Acording to quantum mechanics, the complete state of a subatomic particle like electron, photon etc. can be described by its wave function. It encodes information such as its position, momentum, spin, etc. For a single particle, this wavefunction can be spread out in space, indicating a superposition of many possible states. This is known as superposition: the particle doesn’t have a definite state until measured.

Quantum entanglement is a phenomena in quantum mechanics, where two or more particles become correlated in such a way that the quantum state of one particle cannot be described independently of the quantum state of the other(s), no matter how far apart they are.

This means that if 2 particles are entangled, and we measure the state of one particle. Then the state of the second particle is guaranteed to be same, irrespective of the distance between these 2 particles.

This has serious implications in physics, since it appears to violate the principle of locality which states that information cannot travel faster than light. However, this is not the case, since there is no tranfer of information. It is not as if, when the first particle was measured, it transmitted its state information across to its entangled counter part instantinously so it can take adjusts its state. Instead, the 2 particles have corellated wave function. Measurement of one’s state instaniously determines the state of the other.

Quantum entanglement is known to be true and has been proved experimentally by bell in 1960s. Now if we consider this fact at face value, we can build some really cool applications out of it.

Data syncing using Quantum entanglement

In computers, information is represented in bits. A bit can hold 2 values, either 0 or 1. Computers are agnostic of the underlying mechanism on which bits are stored. For example, modern computers use Metal Oxide Field Effect Transistors (MOSFETS) for representing information. These transistors, act like switches where absence or presents of electricity determins the value of the bit.
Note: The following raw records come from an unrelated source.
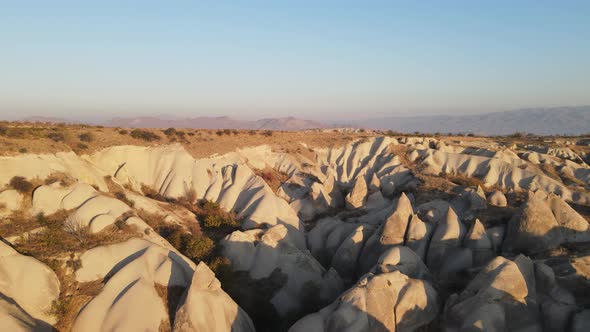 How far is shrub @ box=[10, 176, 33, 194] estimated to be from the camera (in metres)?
22.9

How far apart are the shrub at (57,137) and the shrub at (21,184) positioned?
7680 millimetres

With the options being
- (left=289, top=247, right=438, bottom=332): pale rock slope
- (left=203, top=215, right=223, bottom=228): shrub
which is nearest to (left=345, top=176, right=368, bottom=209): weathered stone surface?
(left=203, top=215, right=223, bottom=228): shrub

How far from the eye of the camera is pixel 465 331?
51.9ft

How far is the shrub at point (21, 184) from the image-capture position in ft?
75.3

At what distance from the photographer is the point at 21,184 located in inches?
913

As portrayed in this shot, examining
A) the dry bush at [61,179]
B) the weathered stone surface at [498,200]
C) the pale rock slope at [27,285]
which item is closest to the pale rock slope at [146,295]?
the pale rock slope at [27,285]

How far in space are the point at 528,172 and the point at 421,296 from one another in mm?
26251

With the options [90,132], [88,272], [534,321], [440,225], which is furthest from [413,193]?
[90,132]

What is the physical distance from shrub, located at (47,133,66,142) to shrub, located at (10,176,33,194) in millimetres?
7680

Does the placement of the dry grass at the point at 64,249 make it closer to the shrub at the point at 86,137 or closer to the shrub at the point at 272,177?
the shrub at the point at 86,137

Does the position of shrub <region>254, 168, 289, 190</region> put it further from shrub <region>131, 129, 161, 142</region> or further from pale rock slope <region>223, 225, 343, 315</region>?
pale rock slope <region>223, 225, 343, 315</region>

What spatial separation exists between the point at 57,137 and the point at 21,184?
30.1 ft

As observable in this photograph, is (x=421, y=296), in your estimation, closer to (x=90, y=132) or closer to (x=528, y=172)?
(x=528, y=172)

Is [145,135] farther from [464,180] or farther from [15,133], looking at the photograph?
[464,180] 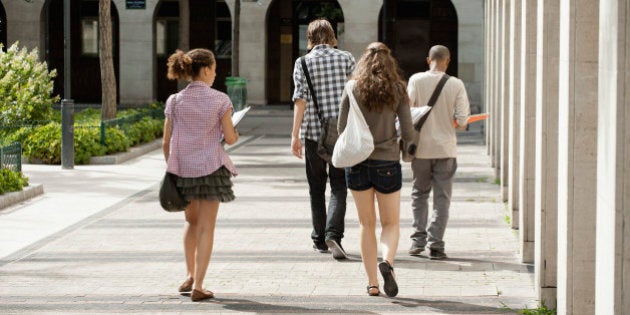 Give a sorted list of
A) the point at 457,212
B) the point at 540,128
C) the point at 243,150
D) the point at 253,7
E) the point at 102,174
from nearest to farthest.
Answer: the point at 540,128 → the point at 457,212 → the point at 102,174 → the point at 243,150 → the point at 253,7

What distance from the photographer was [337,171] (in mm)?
10781

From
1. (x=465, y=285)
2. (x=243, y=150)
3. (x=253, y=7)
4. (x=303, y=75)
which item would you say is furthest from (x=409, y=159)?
(x=253, y=7)

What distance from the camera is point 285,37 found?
40938 millimetres

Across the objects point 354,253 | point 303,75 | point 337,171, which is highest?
point 303,75

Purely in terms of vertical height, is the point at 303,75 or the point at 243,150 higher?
the point at 303,75

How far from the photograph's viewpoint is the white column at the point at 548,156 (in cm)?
847

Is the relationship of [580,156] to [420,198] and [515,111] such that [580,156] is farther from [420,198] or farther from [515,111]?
[515,111]

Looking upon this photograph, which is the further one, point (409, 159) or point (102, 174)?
point (102, 174)

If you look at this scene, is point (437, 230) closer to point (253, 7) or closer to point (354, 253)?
point (354, 253)

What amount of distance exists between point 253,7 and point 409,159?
97.9 feet

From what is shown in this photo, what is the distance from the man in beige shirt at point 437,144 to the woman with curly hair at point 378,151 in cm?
174

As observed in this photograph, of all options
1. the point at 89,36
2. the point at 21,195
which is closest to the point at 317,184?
the point at 21,195

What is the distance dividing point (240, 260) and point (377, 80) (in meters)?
2.63

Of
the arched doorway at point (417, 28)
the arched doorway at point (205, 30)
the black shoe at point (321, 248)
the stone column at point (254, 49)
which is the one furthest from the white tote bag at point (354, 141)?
the arched doorway at point (205, 30) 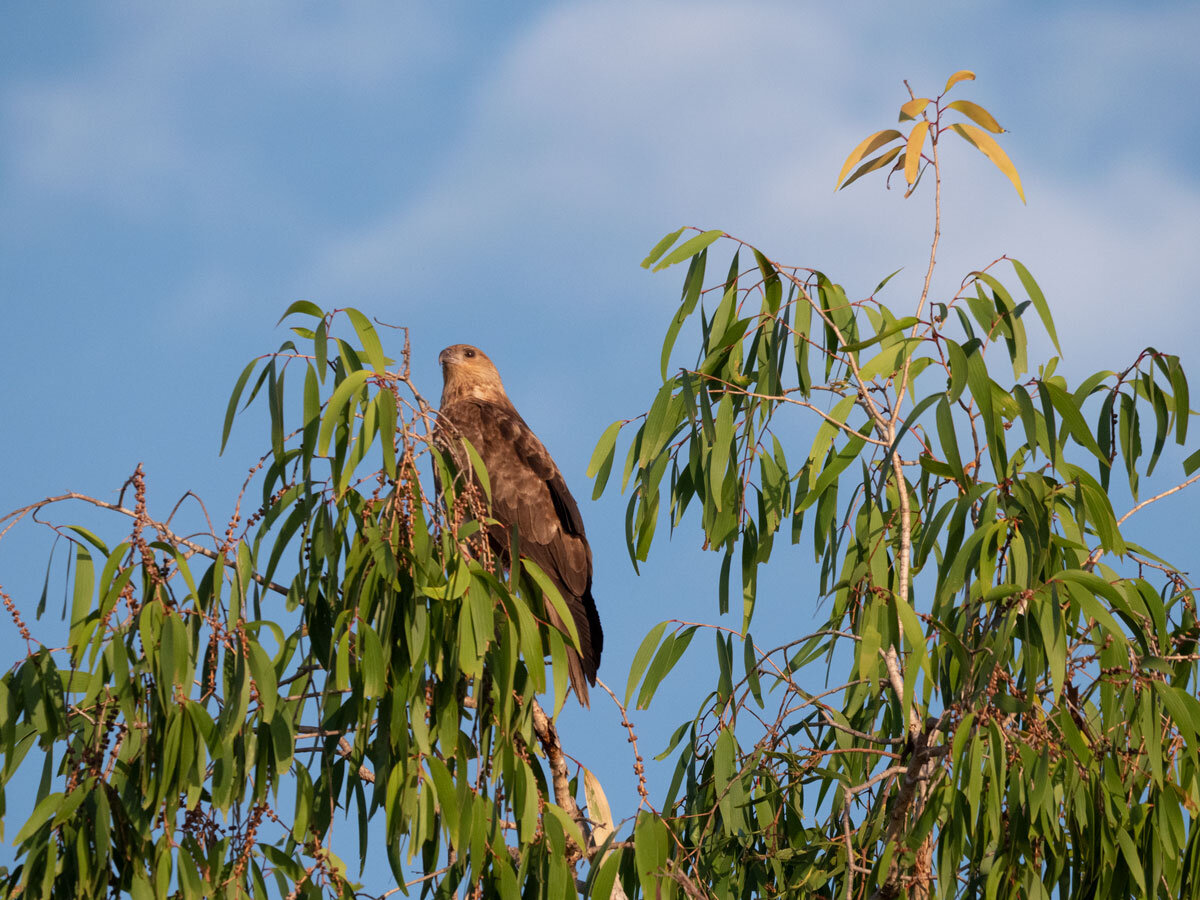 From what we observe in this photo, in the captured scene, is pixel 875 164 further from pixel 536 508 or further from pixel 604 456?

An electron’s spin can take 2 values “up” or “down”. The value of an electron’s spin determines its angular momentum.

Assuming that we have the technology to use an electron’s spin as a bit of computer memory. Consider the following thought experiment:

We have 2 electrons in quantum entanglement. These 2 electrons act as computer memory. Suppose, these 2 electrons represent the same variable.

1
bool x = 1;

Suppose, The variable x is stored as “spin up” state in electron1 and electron2. Now suppose, we seperate these electrons to 2 locations far apart. Suppose, electron1 is in India and electron2 is in Russia. Now we update the variable x as follows:

1
x = 0;

Please note that the update is only made at electron1 located in India, however, by virtue of the fact that the 2 particles are quantum entangled, the second particle will be in a flipped state upon measurement automatically. Hence, we have updated the variable to x=0 at both locations instantinously eventhough we never made an update in second location.

Hence, we synced data copies across 2 locations instantinously.

Conclusion

Through the thought experiment above, we’ve shown how quantum entanglement can be used to sync data instantinously. Most of the technology required to implement such a system is already present. For example, quantum computers can manipulate qubits on will using magnetic fields. Also, quantum computing technology has enabled us to use sub atomic particles as pieces of information.

This kind of setup achives replication lag of 0. This has real implications for systems that require strong consistency and high availability. Interestingly, it also violates the CAP theorm.